Jörg Kachelm­ann hat der „Zeit“ ein lan­ges Inter­view gege­ben und auch wenn die Inter­viewe­rin Sabi­ne Rück­ert selbst jetzt nicht gera­de als strah­len­des Bei­spiel für ordent­li­chen Jour­na­lis­mus bezeich­net wer­den kann, ist es ein beein­dru­cken­des Doku­ment.

Kachelm­ann sagt dar­in unter ande­rem:

Ich bin sicher, dass die Bou­le­vard­me­di­en über­all U‑Boote haben. In allen wich­ti­gen Orga­ni­sa­tio­nen haben die einen sit­zen, damit er mal kurz in den Com­pu­ter guckt. Wenn ich in einer Maschi­ne unter­wegs war, die nicht zu den Flug­li­ni­en des Fir­men­ver­bun­des Star Alli­ance gehört, hat mich nie ein Papa­raz­zo am Flug­platz erwar­tet.

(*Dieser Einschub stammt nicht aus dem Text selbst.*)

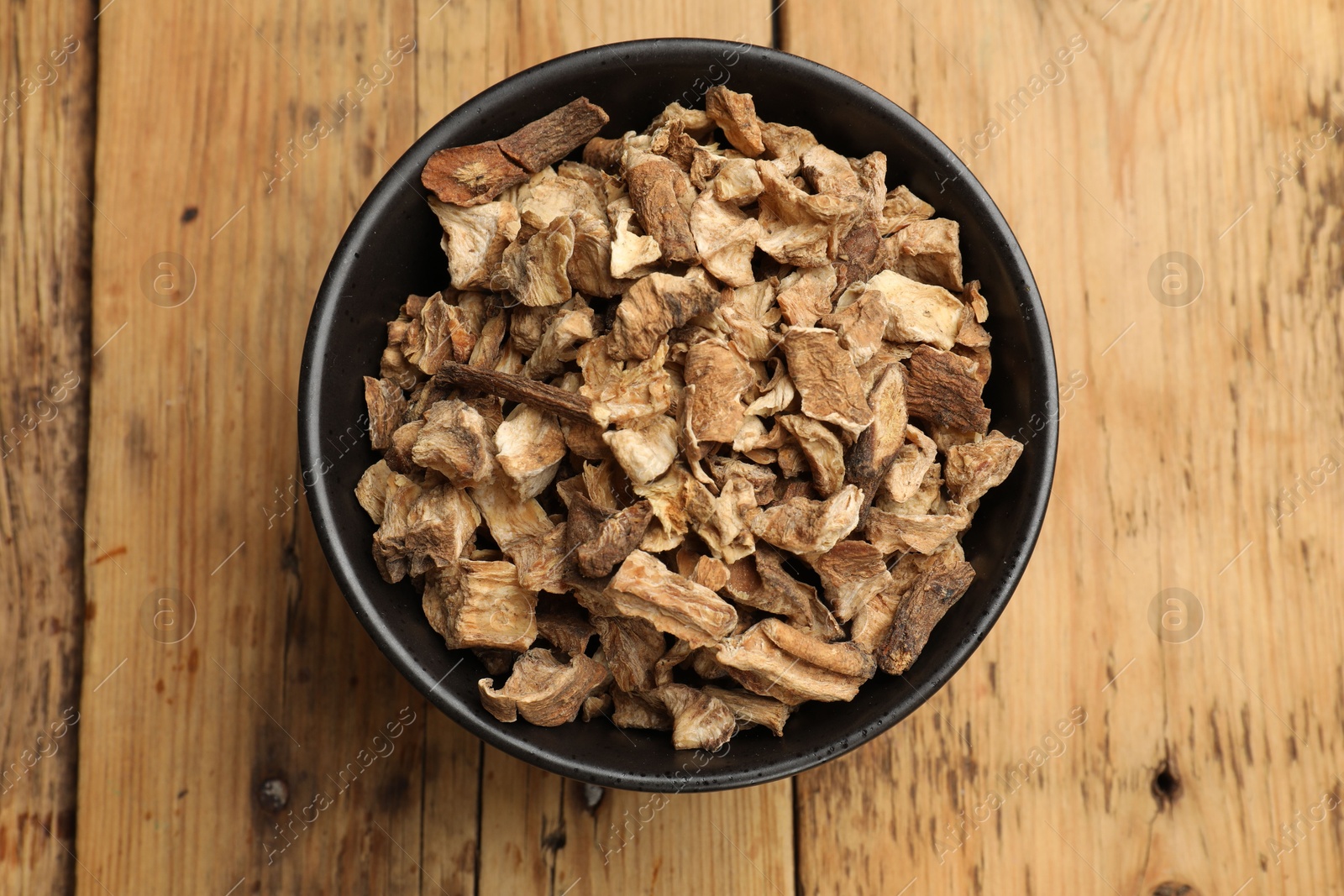 Pieces of dry chicory roots in bowl on wooden table, top view Photo of Pieces of dry chicory roots in bowl on wooden table, top view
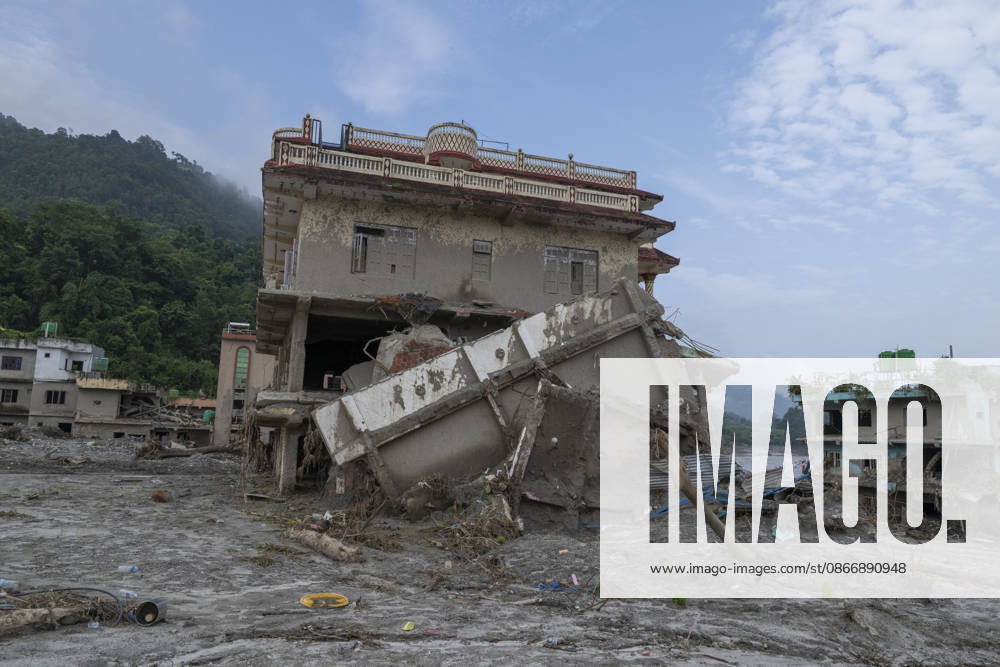 Aftermath of the devastating flash floods in Nepal NUWAKOT, NEPAL - SEPTEMBER 15: A view of the submerged landscape following the devastating flash floods on August 26 that struck Devighat, Nuwakot, Nepal, on September 15, 2026. People in the affected areas of Nuwakot continue to return in search of their destroyed homes and the last remaining memories of their lives. Some are trying to recover essential belongings from the rubble, while others are working with family members to remove soil from parts of their homes buried underground and make them habitable again. The destruction in Devighat village is severe. Many multi-storey buildings have collapsed, while some have been buried under earth up to the level of their fifth floors. Religiou
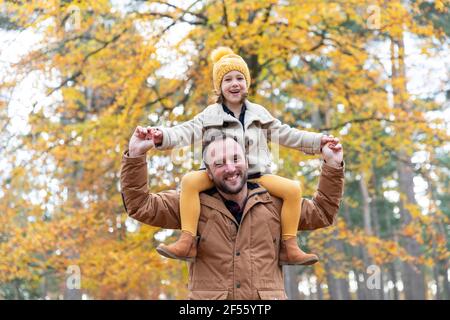 Playful father carrying smiling daughter while standing in forest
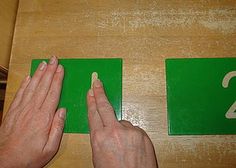 two hands are pressing the numbers on a green sign that says 2 and 3 in front of them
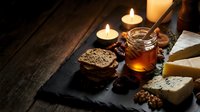 Artisanal cheese platter with honey jar, crackers, nuts and candles on dark slate board creating cozy evening atmosphere for gourmet dining and entertaining.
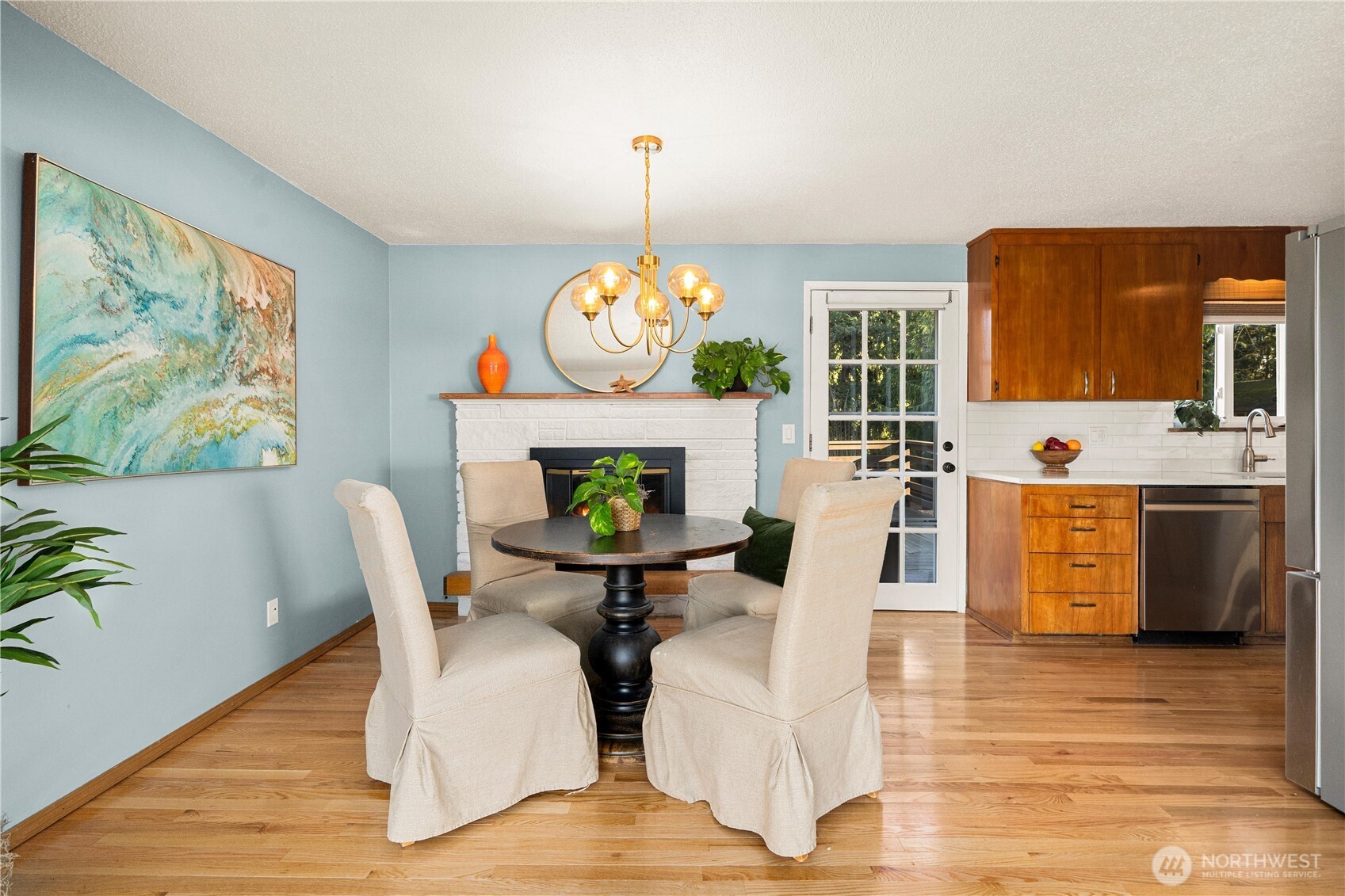 30024 2nd Avenue Southwest Federal Way, WA 98023 - Photo 9 of 40 a dining room with furniture a fireplace and wooden floor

Das lässt nur zwei Schlüs­se zu: Ent­we­der, der Mann ist ver­rückt (gewor­den), oder die­ses Land ist sehr viel upge­fuck­ter, als man sich das als Bür­ger gemein­hin vor­stel­len wür­de.

Das Inter­net­por­tal „Mee­dia“, des­sen Chef­re­dak­teur es als „ele­men­tars­te Auf­ga­be“ der Medi­en ansah, „das Dop­pel­le­ben des net­ten Herrn Kachelm­ann zu ent­hül­len“, und der es als „ruf­schä­di­gend für den Jour­na­lis­mus“ bezeich­net hat­te, den media­len Irr­sinn in Sachen Kachelm­ann zu hin­ter­fra­gen, die­ses Inter­net­por­tal jeden­falls schreibt heu­te über das Inter­view:

Schwenn habe nicht gebrüllt oder auf den Rich­ter­tisch gehau­en, wie die Bild berich­tet hat. Es ist nicht nur die­se Stel­le des Inter­views, die den Ein­druck erweckt, Kachelm­ann habe seit dem Pro­zess womög­lich eine etwas ver­scho­be­ne Wahr­neh­mung der Rea­li­tät. Zwar hat Schwenn tat­säch­lich nicht gebrüllt, aber sei­ne Art und Wei­se im Gericht vor­zu­ge­hen kann jeder, der anwe­send wahr nur als offe­ne Pro­vo­ka­ti­on emp­fun­den haben.

Kachelm­ann sagt, Schwenn habe nicht gebrüllt, und Schwenn hat nicht gebrüllt, aber Kachelm­ann hat eine „etwas ver­scho­be­ne Wahr­neh­mung der Rea­li­tät“? Was hat dann Ste­fan Win­ter­bau­er, Autor die­ser Zei­len? (Außer viel­leicht „den Schuss nicht gehört“.)